Je remâche cette mauvais nouvelle, surpris, plus que cela, fâché d’être traité de la sorte par des gens à qui j’ai fait confiance, que j’ai aidé dans leurs démarches, à qui j’ai offert à boire, et comme nous descendons le Guintzet, en ce jour férié, habillés en femme de ménage, seau et balai à la main, je grommelle et fustige la maniaquerie de ce couple, jeune et déjà vieux, qui demande que nous grattions le four, nettoyions les lamelles de stores, la poussière des ampoules et que sais-je encore? Or, une fois sur place, si les petites exigences sont bien de leur fait et nous coûtent quatre heures de travail intense, il apparaît que la propriétaire a menti en leur imputant une demande de mise à neuf des peintures. Désireux de s’installer au plus vite dans leurs meubles, ils prennent dans l’état. Gala empoigne le téléphone, et sur ce ton mielleux et complaisant dont elle a le secret, explique à la propriétaire que tout est réglé, que l’état des lieux pourra avoir lieu en fin de journée, qu’aucune peinture n’est exigée. La propriétaire acquiesce.
Vient la fin de journée et la propriétaire. Une femme au visage ridé, vieille pomme de garde, voix aiguë, ton cassant, habits mous: devant laquelle l’Italienne réitère sa conviction, nous prenons dans l’état, pas al peine de peindre. Or voici que la propriétaire, n’écoutant rien, lui fait dire qu’elle exige des peintures sur toutes les surfaces et cela, devant moi.
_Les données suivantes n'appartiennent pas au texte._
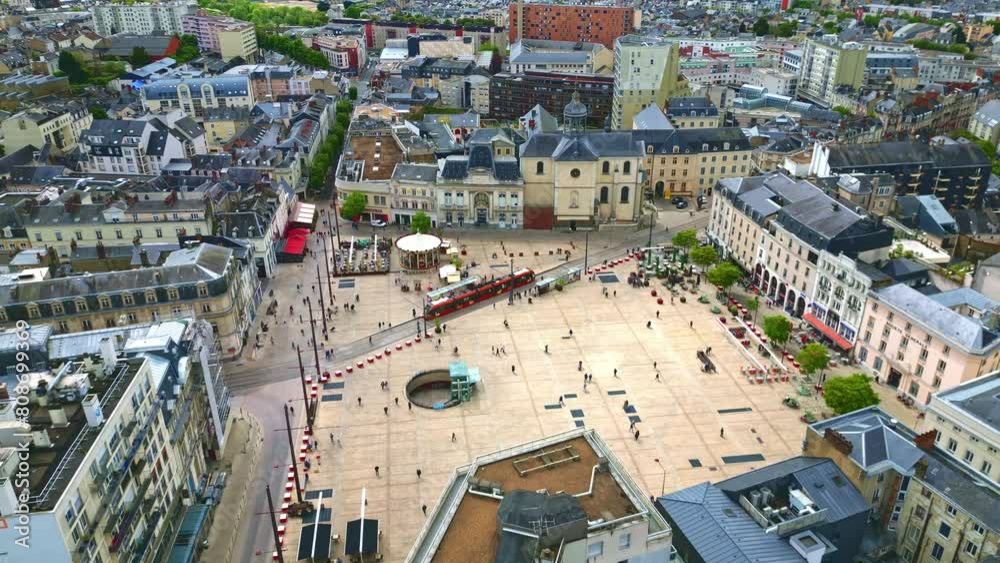 Republic Square or Place de la Republique, Le Mans in France. Aerial drone backward ascending Republic Square or Place de la Republique, Le Mans in France. Aerial drone backward ascending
- Madame, la locataire vous dit qu’elle n’en veut pas.
La vielle femme trottine, se pousse dans un coin, note dans unrapport des taches, griffures, salissures qu’elle invente plus qu’elle ne voit et, par sécurité, ne sachant plus son rôle, l’Italienne photographie ces taches, salissures et griffures leur donnant ainsi réalité.
Je m’avance.
- Vous avez entendu comme moi, n’est-ce pas? La locataire prend l’appartement dans l’état.
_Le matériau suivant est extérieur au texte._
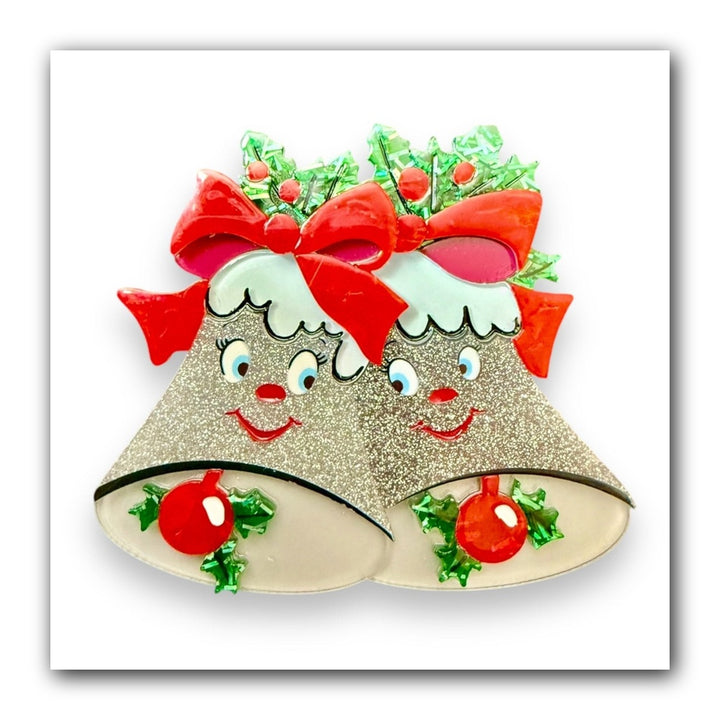 Silver Bells Brooch by Lipstick & Chrome — Retro Christmas Bell Pin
Alors la vielle femme, prenant la locataire par le bras, passe dans la chambre voisine et poursuit sa prise de notes.
Puis elle réapparaît et me place sous le nez un rapport illisible paraphé d’une somme arbitraire, Fr. 1600.-
Comme je refuse de signer, elle a ce mot:
- Vous êtes Français vous, n’est-ce pas?
Ce qu’elle entend alors, ce que je lui dis, la laisse abasourdie.
- C’est la première fois en trente ans de carrière, dit-elle cachée derrière le buffet, que quelqu’un me parle ainsi!